[Items from a data source]

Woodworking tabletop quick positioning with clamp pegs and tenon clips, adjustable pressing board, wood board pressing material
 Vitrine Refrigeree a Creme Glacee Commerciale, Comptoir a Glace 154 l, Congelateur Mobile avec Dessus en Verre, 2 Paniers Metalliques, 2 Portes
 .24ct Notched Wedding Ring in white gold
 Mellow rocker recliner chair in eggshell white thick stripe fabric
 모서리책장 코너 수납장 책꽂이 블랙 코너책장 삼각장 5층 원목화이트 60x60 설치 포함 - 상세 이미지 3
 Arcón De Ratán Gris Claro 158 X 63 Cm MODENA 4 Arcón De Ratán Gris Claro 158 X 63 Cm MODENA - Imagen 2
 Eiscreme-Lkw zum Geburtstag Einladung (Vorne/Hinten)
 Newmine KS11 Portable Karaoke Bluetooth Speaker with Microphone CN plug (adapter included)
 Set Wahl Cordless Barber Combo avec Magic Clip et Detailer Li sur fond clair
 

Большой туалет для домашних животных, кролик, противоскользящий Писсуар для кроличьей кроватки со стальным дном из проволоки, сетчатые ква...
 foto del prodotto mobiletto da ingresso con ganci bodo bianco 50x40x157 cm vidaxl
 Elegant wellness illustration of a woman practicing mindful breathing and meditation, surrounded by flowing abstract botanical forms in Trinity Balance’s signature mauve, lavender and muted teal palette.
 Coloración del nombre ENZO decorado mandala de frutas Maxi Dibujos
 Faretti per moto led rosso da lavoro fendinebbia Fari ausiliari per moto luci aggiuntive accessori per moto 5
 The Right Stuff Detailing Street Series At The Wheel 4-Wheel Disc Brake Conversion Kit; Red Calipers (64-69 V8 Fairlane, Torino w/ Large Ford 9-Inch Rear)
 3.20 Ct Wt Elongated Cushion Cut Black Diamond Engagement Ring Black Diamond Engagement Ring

### Activity
Repeat the records above exactly.

### Answer to this task
Woodworking tabletop quick positioning with clamp pegs and tenon clips, adjustable pressing board, wood board pressing material
 Vitrine Refrigeree a Creme Glacee Commerciale, Comptoir a Glace 154 l, Congelateur Mobile avec Dessus en Verre, 2 Paniers Metalliques, 2 Portes
 .24ct Notched Wedding Ring in white gold
 Mellow rocker recliner chair in eggshell white thick stripe fabric
 모서리책장 코너 수납장 책꽂이 블랙 코너책장 삼각장 5층 원목화이트 60x60 설치 포함 - 상세 이미지 3
 Arcón De Ratán Gris Claro 158 X 63 Cm MODENA 4 Arcón De Ratán Gris Claro 158 X 63 Cm MODENA - Imagen 2
 Eiscreme-Lkw zum Geburtstag Einladung (Vorne/Hinten)
 Newmine KS11 Portable Karaoke Bluetooth Speaker with Microphone CN plug (adapter included)
 Set Wahl Cordless Barber Combo avec Magic Clip et Detailer Li sur fond clair
 

Большой туалет для домашних животных, кролик, противоскользящий Писсуар для кроличьей кроватки со стальным дном из проволоки, сетчатые ква...
 foto del prodotto mobiletto da ingresso con ganci bodo bianco 50x40x157 cm vidaxl
 Elegant wellness illustration of a woman practicing mindful breathing and meditation, surrounded by flowing abstract botanical forms in Trinity Balance’s signature mauve, lavender and muted teal palette.
 Coloración del nombre ENZO decorado mandala de frutas Maxi Dibujos
 Faretti per moto led rosso da lavoro fendinebbia Fari ausiliari per moto luci aggiuntive accessori per moto 5
 The Right Stuff Detailing Street Series At The Wheel 4-Wheel Disc Brake Conversion Kit; Red Calipers (64-69 V8 Fairlane, Torino w/ Large Ford 9-Inch Rear)
 3.20 Ct Wt Elongated Cushion Cut Black Diamond Engagement Ring Black Diamond Engagement Ring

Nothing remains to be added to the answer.